French President Emmanuel Macron and US President Donald Trump have apparently called a ceasefire in their trade hostilities, with the US agreeing to hold off on proposed tariffs on luxury French goods until the end of the year. One of those proposed tariffs was a 100% tariff on wine.
French news agency AFP reports that the two presidents agreed to “find a solution in an international framework”. Wine importers and other businesses that sell French wine in the US had viewed the proposed tariffs with alarm, saying the action would threaten American jobs and the livelihood of thousands of people across the country.
The dispute began when France implemented a three percent digital services tax in July. The US disputed the tax, saying it discriminated against American technology companies. In a separate dispute, the World Trade Organisation had already determined that the subsidies paid to Airbus by European governments were illegal. In response to that dispute, the US government imposed a 25% tariff on many European goods, including non-sparkling French wines, effective from mid-October.
As the American Association of Wine Economists tweeted on 19 January, imports of French wine into the US fell in November to $57m, the lowest since December 2009.

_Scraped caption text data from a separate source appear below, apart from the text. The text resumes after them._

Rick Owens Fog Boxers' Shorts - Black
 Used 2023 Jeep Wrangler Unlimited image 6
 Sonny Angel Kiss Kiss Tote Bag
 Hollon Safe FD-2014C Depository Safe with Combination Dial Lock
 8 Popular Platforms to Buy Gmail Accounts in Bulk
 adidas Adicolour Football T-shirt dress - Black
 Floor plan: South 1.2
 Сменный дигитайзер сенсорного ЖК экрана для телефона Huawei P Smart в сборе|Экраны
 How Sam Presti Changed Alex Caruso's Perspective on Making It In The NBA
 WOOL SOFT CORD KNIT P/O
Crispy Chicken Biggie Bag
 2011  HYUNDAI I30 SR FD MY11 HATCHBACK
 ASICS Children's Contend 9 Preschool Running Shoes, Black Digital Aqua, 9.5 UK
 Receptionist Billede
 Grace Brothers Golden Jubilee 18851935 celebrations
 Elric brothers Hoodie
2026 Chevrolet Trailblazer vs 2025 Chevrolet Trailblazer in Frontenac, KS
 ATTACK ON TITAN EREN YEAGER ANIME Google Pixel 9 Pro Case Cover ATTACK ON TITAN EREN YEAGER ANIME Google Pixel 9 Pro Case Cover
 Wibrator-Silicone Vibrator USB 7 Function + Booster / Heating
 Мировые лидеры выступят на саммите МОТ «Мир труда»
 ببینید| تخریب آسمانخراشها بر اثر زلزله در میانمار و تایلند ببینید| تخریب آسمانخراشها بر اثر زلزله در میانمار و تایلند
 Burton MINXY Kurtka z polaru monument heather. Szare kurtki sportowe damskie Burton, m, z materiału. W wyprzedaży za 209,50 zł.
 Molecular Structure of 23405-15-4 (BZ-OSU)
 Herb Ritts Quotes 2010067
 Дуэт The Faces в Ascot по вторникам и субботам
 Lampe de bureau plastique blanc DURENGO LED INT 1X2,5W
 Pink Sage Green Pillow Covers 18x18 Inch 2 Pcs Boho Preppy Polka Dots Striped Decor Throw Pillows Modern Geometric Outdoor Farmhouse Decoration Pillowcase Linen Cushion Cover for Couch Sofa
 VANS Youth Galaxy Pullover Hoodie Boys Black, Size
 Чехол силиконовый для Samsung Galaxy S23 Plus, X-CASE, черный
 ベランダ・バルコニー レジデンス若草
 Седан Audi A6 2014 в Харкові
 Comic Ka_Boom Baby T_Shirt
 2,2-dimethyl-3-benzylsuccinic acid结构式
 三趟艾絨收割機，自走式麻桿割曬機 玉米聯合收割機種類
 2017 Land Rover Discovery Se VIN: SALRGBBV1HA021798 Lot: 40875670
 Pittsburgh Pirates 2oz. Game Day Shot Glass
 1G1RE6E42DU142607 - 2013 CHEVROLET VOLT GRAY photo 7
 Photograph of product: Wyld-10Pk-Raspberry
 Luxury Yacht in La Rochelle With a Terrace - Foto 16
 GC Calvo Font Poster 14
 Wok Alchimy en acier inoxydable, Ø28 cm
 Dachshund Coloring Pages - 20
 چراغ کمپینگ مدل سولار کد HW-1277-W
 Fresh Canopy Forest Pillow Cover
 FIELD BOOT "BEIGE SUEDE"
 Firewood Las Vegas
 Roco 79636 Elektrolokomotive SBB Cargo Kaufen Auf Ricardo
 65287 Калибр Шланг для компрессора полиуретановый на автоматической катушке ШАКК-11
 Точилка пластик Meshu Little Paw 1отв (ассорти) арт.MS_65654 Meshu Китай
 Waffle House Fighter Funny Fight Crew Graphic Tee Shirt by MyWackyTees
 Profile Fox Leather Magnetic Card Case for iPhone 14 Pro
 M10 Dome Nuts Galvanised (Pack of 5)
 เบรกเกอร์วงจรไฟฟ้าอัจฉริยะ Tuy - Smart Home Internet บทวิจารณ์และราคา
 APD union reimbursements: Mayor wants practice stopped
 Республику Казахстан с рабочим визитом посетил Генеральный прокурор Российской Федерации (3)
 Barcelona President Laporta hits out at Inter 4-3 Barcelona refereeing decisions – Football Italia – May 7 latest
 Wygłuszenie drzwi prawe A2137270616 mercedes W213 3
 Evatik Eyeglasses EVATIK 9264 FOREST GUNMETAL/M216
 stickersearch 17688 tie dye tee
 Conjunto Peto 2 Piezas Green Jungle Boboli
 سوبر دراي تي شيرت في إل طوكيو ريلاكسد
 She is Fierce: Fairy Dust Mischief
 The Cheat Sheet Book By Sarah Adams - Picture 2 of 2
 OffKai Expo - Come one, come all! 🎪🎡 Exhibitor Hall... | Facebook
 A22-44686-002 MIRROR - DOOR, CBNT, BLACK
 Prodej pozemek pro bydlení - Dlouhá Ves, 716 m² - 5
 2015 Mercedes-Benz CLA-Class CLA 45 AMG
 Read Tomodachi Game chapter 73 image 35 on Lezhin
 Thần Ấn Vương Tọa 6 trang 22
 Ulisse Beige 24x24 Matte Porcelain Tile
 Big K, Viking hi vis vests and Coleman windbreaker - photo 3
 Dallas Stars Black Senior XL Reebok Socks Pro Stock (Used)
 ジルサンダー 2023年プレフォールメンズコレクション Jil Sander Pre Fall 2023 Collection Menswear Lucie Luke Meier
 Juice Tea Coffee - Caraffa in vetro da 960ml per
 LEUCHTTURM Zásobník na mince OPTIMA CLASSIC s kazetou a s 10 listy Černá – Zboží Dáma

After this latest meeting, CNN reported that the two leaders “agreed it is important to complete successful negotiations on the digital services tax." President Macron later tweeted that, “we will work together on a good agreement to avoid tariff escalation.”
The agreement between Macron and Trump does not extend to the proposed tariffs that would blanket all EU wines.
AFP also reports that French Finance Minister Bruno Le Maire has said that avoiding sanctions is “far from assured”.
The transatlantic trade threatened by a tariff war between the US and EU is valued at more than €2.7bn per day.